### What to work on
Reproduce the records below exactly; no pictures.

^^^^^^^^^^^^^^^^

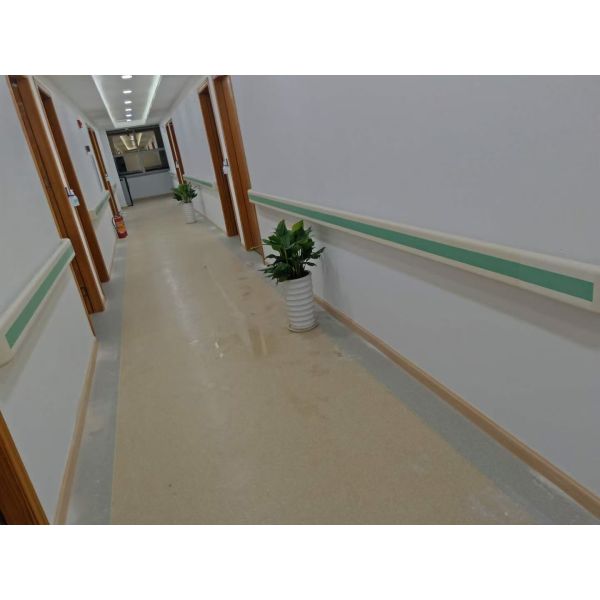 Main courante de couloir d'hôpital anti-écrasement, panneau de protection murale en alliage d'aluminium et PVC anti-collision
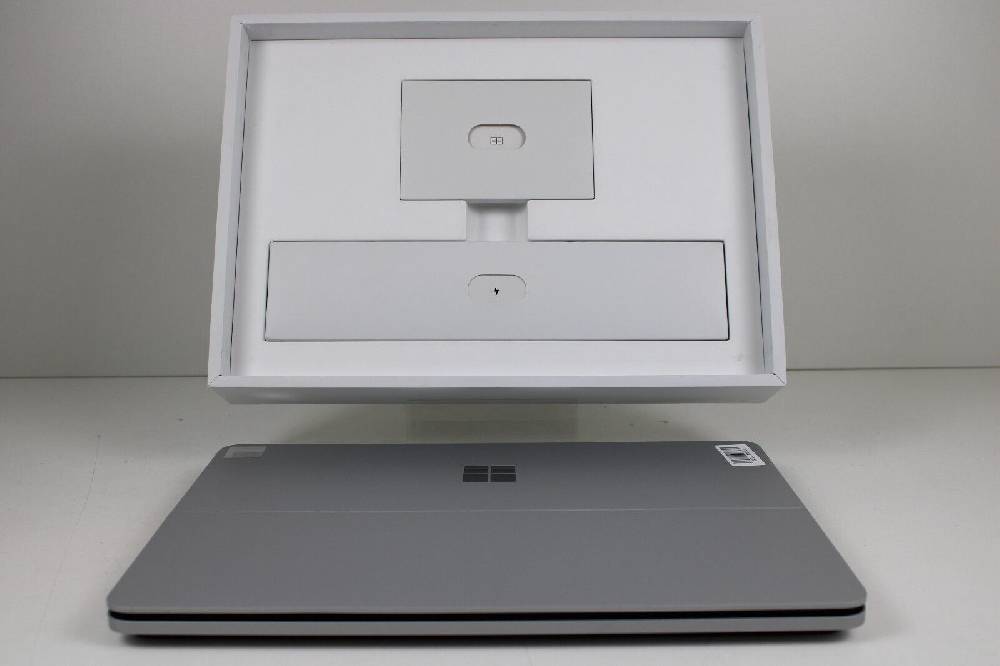Trixonbv Microsoft Surface Laptop Studio NVIDEA GF RTX 3050 TI,512GB SSD, 16RAM, Core i7! Rabatte dieses Monats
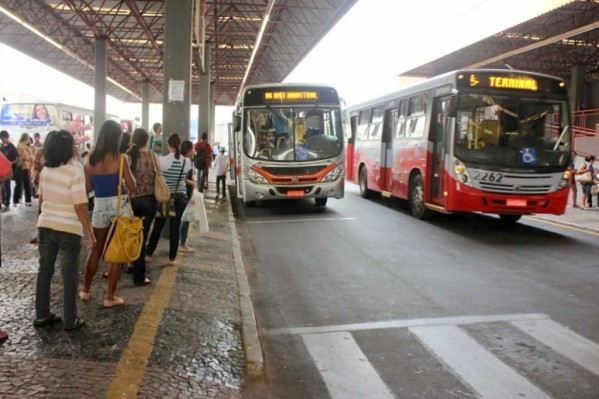 Empresa de ônibus ameaça usuários e prefeitura em pressão por aumento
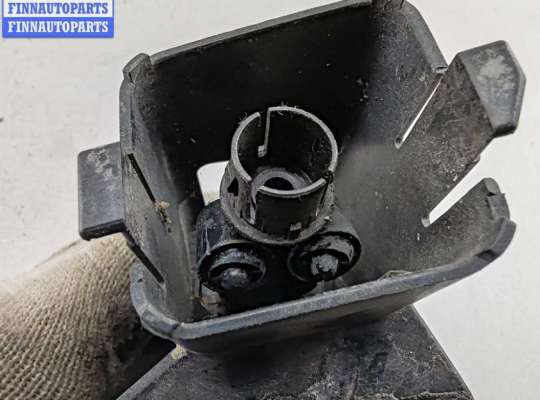 купить Форсунка омывателя фар на Toyota Avensis (2003-2008)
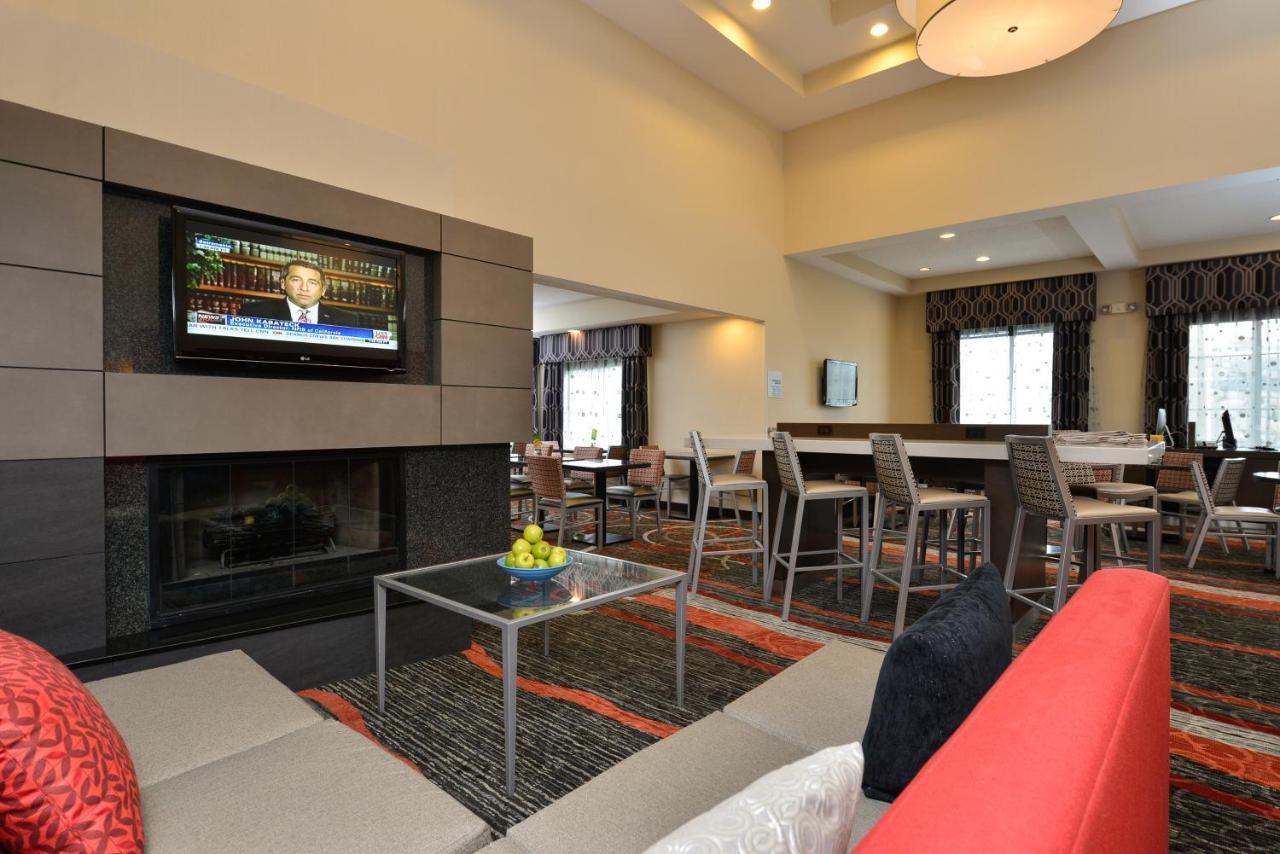 Holiday Inn Express Boston-Milford By Ihg Luaran gambar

^^^^^^^^^^^^^^^^

### Answer to this problem
 Main courante de couloir d'hôpital anti-écrasement, panneau de protection murale en alliage d'aluminium et PVC anti-collision
Trixonbv Microsoft Surface Laptop Studio NVIDEA GF RTX 3050 TI,512GB SSD, 16RAM, Core i7! Rabatte dieses Monats
 Empresa de ônibus ameaça usuários e prefeitura em pressão por aumento
 купить Форсунка омывателя фар на Toyota Avensis (2003-2008)
 Holiday Inn Express Boston-Milford By Ihg Luaran gambar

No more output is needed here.